Slowly she managed to get to her feet, gripping the sink for support, and surveyed the wreck of her appearance in the mirror. Her eyes were both darkly bloodshot, the tiny capillaries having burst at the force of her uncontrollable vomiting. Her hair hung lank, matted with sour, reeking fluid. She'd barely made it into the bathroom - an improvement on last time - but hadn't had the time for niceties like tying her hair back out of the way. For the moment, at least, her body responded again to her demands, rather than the other way around, but overriding all other sensations was a fluttering nausea, delicately poised in her belly to tumble out of control at the slightest wrong move. Or perhaps it was just the overwhelming fear that tormented her so.

Moving with deliberate care, she twisted the faucets and wet a washcloth in the cool water. Even the cloth's roughness as she wiped her face nearly overwhelmed her limited grip on her body's reactions. She paused frequently to take deep, stabilizing breaths, and to rinse out the washcloth.

She'd been feeling ill every morning for most of the last two weeks. At first she simply blamed the sickness on spoiled food. When it had continued, she ascribed it to the stresses of working, slaying and even the upcoming wedding. But she finally had to admit she couldn't fool herself any longer: her period, normally the only reliable rhythm in her life in spite of everything, was now a full five days late.

"This isn't happening," she said to herself for perhaps the hundredth time. Despite her mind's denial, her hands reached of their own accord and opened the medicine cabinet. The little pink, flower-decorated box she retrieved looked entirely too innocent to be associated with this upheaval in her life. Trembling fingers broke the seal and retrieved the slim plastic wand inside.

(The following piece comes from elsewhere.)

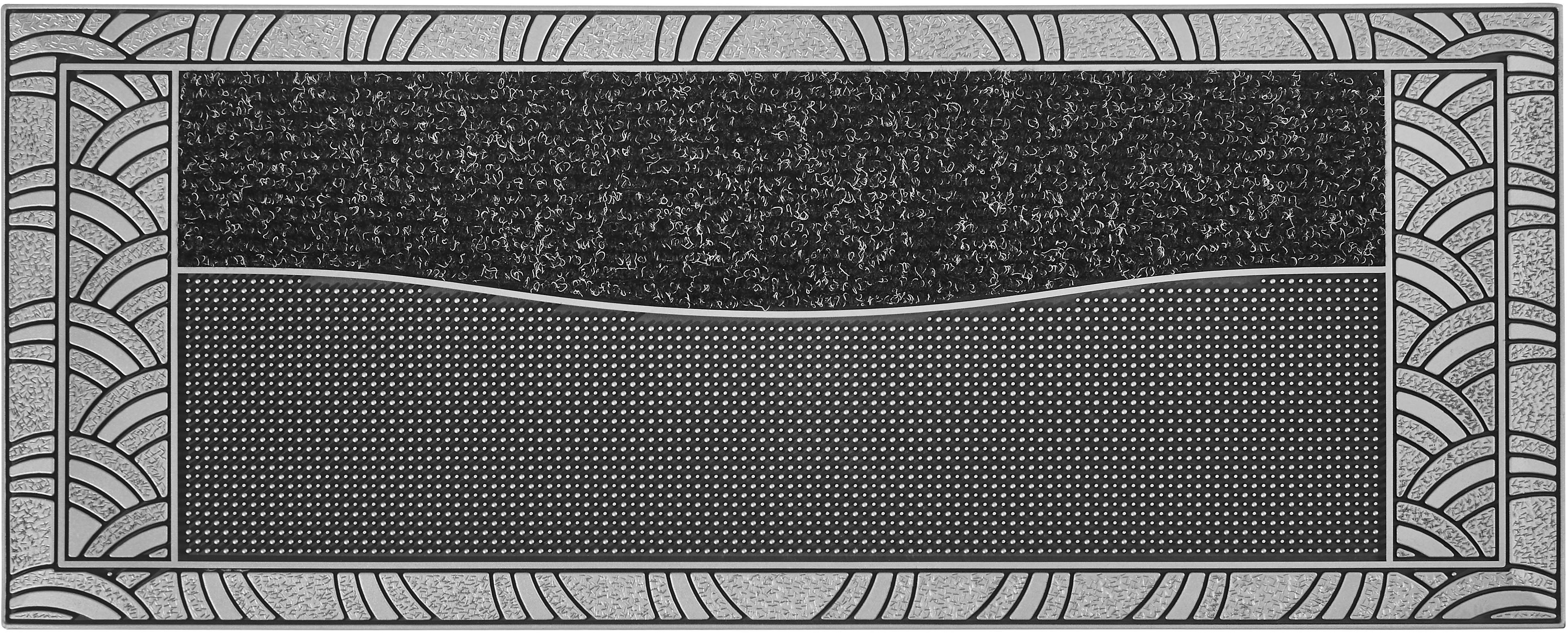 Home2Fashion Fußmatte CenterClean XL - Waves, günstig online kaufen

Most of the space in the box was taken up with a much-folded, densely printed set of instructions, which she ignored. "After all, this isn't exactly rocket science," she said, with black humour.

Every one of the sixty seconds the home pregnancy test took to develop seemed longer than the one before it. She was ready to smash in the face of her watch for the insolent way it ticked away the seconds, ever more slowly, taunting her.

But then, when the minute hand had crawled around the dial at last, she couldn't look. There would be no way to step back into relatively comfortable ignorance. Summoning the last of the courage that had seen her through so many world-ending threats, she looked down and forced herself to move her thumb from where it covered the indicator window. The little blue plus sign glared up at her mockingly. Positive.

The wand fell from suddenly numb fingers and shattered into sharp plastic splinters on the tile floor. "No," she whimpered, as the reality of the situation hit her. "There was only Spike . . . and that's not possible. It can't be . . ."

She doubled over again as the cramps suddenly returned with greater intensity than before, tearing her apart from the inside. She clutched blindly for support and grabbed the shower curtain, which tore loose from the curtain rod with a series of rapid-fire pops. She bruised her hip sharply on the edge of the tub as she collapsed, and tumbled to the floor twisted in yards of shiny plastic. "Please-"

"-no!" Buffy woke suddenly to find herself on the floor of her bedroom. Her hip ached where she had hit the floor in her fall from the bed, and she was nearly immobilized by the sweat-soaked sheets wrapped tightly around her. She was thankful for consciousness, though - however abrupt - and the familiar dull throb of her usual menstrual cramps had never before been so welcome.